For some credit unions, a community charter may be their only avenue for survival. But for all others pondering an expanded charter, they seem to dwell on starry-eyed possibilities without acknowledging some very big branding issues.
#1 Lost focus
Credit unions with closed charters concentrate on the unique needs of a very specific and narrowly-defined audience. They know exactly who they serve and why they exist. Tragically, many community chartered credit unions let their concept of “audience segmentation” erode into a singular demographic: “all people ages 18-55.” (Translation: “everyone with money and a pulse.”) The bigger your target audience gets, the harder it becomes to find a unique value proposition. The lowest common denominator is rates, price and fees.
#2 Massive marketing muscle
Maximizing community charters requires a whole new level of marketing — billboards, radio, TV, online ads — plus a much larger budget that can be quite a shock for those who aren’t prepared. Closed-charter credit unions are accustomed to a very limited range of marketing tactics. They aren’t familiar with what it takes to generate name awareness and build a mass-market brand. They have little- or no experience with CPM, SEO, click-through rates and paid search.
#3 Estrange your sponsor
To your original sponsor, a community charter can look like a deliberate attempt at distancing yourself from their organization. As you change names and start marketing to the general public, the feeling that your credit union was once an exclusive, club-like employee benefit disappears right along with the special access your credit union once enjoyed. No more welcome packets at new employee orientations. No more kiosks in the employee cafeteria. They may even kick you out of their facilities altogether.
#4 The old name won’t work
If you have a word like “Employees,” “Teachers” or some other equally-limiting term in your name, you will never convince the community that “everyone can join.” Many credit unions think adding the word “Community” in their names connotes an open charter, but that never works as hoped. You can try switching to an acronym — AECU, BECU, CECU, DECU, EECU, etc. — but these stiff and corporate combinations of letters are already ubiquitously used by other credit unions. Even if you can find a suitable web address, people will still get confused when searching for you on the internet. In all likelihood, a community charter will require a name change.

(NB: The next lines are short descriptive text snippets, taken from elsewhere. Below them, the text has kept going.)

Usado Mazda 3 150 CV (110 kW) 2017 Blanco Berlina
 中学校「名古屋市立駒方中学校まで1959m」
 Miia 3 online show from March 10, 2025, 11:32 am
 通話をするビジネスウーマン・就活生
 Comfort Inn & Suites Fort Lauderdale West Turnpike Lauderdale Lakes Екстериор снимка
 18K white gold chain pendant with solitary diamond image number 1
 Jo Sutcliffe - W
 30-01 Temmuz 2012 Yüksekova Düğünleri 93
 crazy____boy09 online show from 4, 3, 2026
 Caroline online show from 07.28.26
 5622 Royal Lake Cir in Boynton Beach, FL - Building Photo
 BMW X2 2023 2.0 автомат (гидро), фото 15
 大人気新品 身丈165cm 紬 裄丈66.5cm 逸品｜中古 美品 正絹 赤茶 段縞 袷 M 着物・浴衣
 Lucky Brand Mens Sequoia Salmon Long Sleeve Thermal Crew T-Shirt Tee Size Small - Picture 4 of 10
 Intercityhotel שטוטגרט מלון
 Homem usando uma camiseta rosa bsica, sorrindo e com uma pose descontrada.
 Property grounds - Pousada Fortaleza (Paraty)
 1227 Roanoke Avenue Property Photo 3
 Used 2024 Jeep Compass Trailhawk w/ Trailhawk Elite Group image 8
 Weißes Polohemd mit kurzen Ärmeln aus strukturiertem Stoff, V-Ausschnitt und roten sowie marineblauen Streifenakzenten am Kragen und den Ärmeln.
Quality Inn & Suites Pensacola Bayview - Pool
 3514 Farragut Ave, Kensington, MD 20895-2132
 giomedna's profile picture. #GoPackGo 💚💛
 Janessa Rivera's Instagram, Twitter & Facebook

#5 Cooperation becomes competition
Credit unions are comfortable competing with banks, but they aren’t used to competing with other credit unions. Don’t be surprised when your once-friendly pals at the credit union down the street give you the cold shoulder. Once you have a community charter, you are trying to steal their members.
#6 Bankers hate community charters
Every time credit unions expand, the ABA becomes more agitated. Each new community charter fuels the ABA’s fight for credit union taxation. If every credit union in the U.S. had a community charter, then what argument would there be against taxation?